Le yodel est aussi au centre de l’attention de l’Université des sciences et des arts appliqués de Lucerne, dont la section musique folklorique, dirigée par Nadja Räss, propose déjà depuis 2009 des cours de niveau bachelor d’instruments traditionnels, comme l’accordéon «Schwyzeroergeli» ou le «Hackbrett». A l’automne 2018, l’institution y a ajouté les cours de yodel.
Renaissance du folklore: Les instruments traditionnels connaissent un regain de popularité également ailleurs en Europe. A l’Académie Sibelius à Helsinki, les étudiants apprennent la cithare finlandaise, et à Limmerick, le violon irlandais. En Grande-Bretagne et au Danemark, des universités et des académies offrent aussi des diplômes en musique folklorique.
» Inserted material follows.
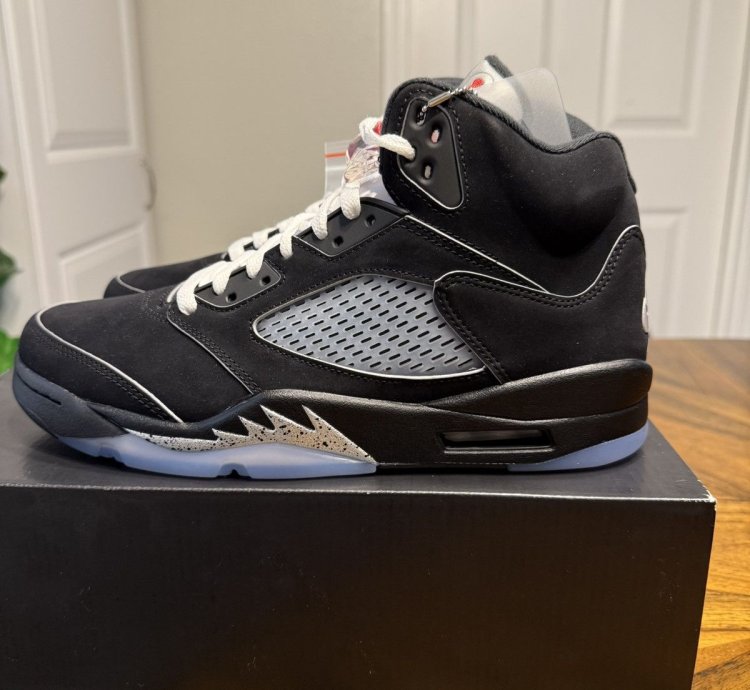 Jordan 5 Black Metallic 2025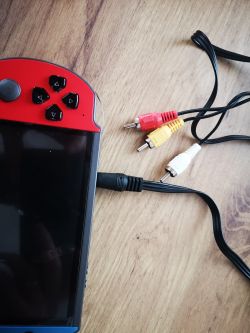 Jak podłączyć konsolę do TV Samsung UE55NU7172, mając taki kabel i wejścia?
Britta Sweers, anthropologue de la musique à l’Institut de musicologie de l’Université de Berne, salue le diplôme de yodel qui vient de naître à Lucerne: «Tous les diplômés sont des musiciens expérimentaux, donc ils essaient de nouvelles choses avec des approches traditionnelles suisses et ils font progresser ces techniques, d’une manière qui n’aurait pas été possible si le yodel était resté dans un contexte plus traditionnel».
Trop lisse?
En même temps, elle pense qu’enseigner le yodel à un niveau académique pourrait représenter une menace pour le yodel amateur. «Il y a cette crainte que l’école de musique ne mette en place des esthétiques différentes, plus lisses, plus brillantes, et ainsi de suite, et que cela ne change aussi les goûts du public et ne mette sur la touche ceux qui n’ont pas ce genre de formation académique».
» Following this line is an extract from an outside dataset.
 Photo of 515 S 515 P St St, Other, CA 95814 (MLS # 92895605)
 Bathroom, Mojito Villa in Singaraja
Karin Niederberger, présidente de l’Association fédérale des yodleurs, n’a pas ce genre de craintes. Elle insiste sur le fait qu’il n’y a pas de compétition entre amateurs et professionnels. Elle ajoute: «Je ne sais pas si un cours de diplôme va profiter au yodel en général – il est trop tôt pour le dire. Tout ce que je peux dire, c’est que je veux voir le yodel de niveau amateur continuer à se développer, mais je ne veux pas qu’il devienne trop sophistiqué. La chose la plus importante, c’est qu’il vienne du cœur. Il doit être naturel et authentique. C’est ce que nous voulons promouvoir, de même que l’aspect régional et les dialectes».
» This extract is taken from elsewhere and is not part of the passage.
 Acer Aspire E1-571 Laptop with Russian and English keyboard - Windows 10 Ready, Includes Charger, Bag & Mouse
«Le yodel au niveau amateur doit être naturel,
authentique et pas trop sophistiqué».
Karin Niederberger
présidente de l’Association fédérale des yodleurs
Le yodel de demain
Karin Niederberger est convaincue que la formation des chanteurs à un niveau moins académique est essentielle pour préserver la tradition du yodel dans les décennies à venir. Par-dessus tout, dit-elle, il est important que le yodel soit enseigné dans les familles, et se transmette de génération en génération.
Le boom du yodel: L’Association fédérale des yodleurs a trois branches: le yodel, le cor des Alpes et le lancer de drapeau, pour un total de 21'000 membres actifs. Tous les trois ans, le public afflue à la Fête fédérale de yodel, preuve du succès jamais démenti de la musique populaire. La trentième édition, tenue à Brigue en 2017, a attiré 150'000 personnes.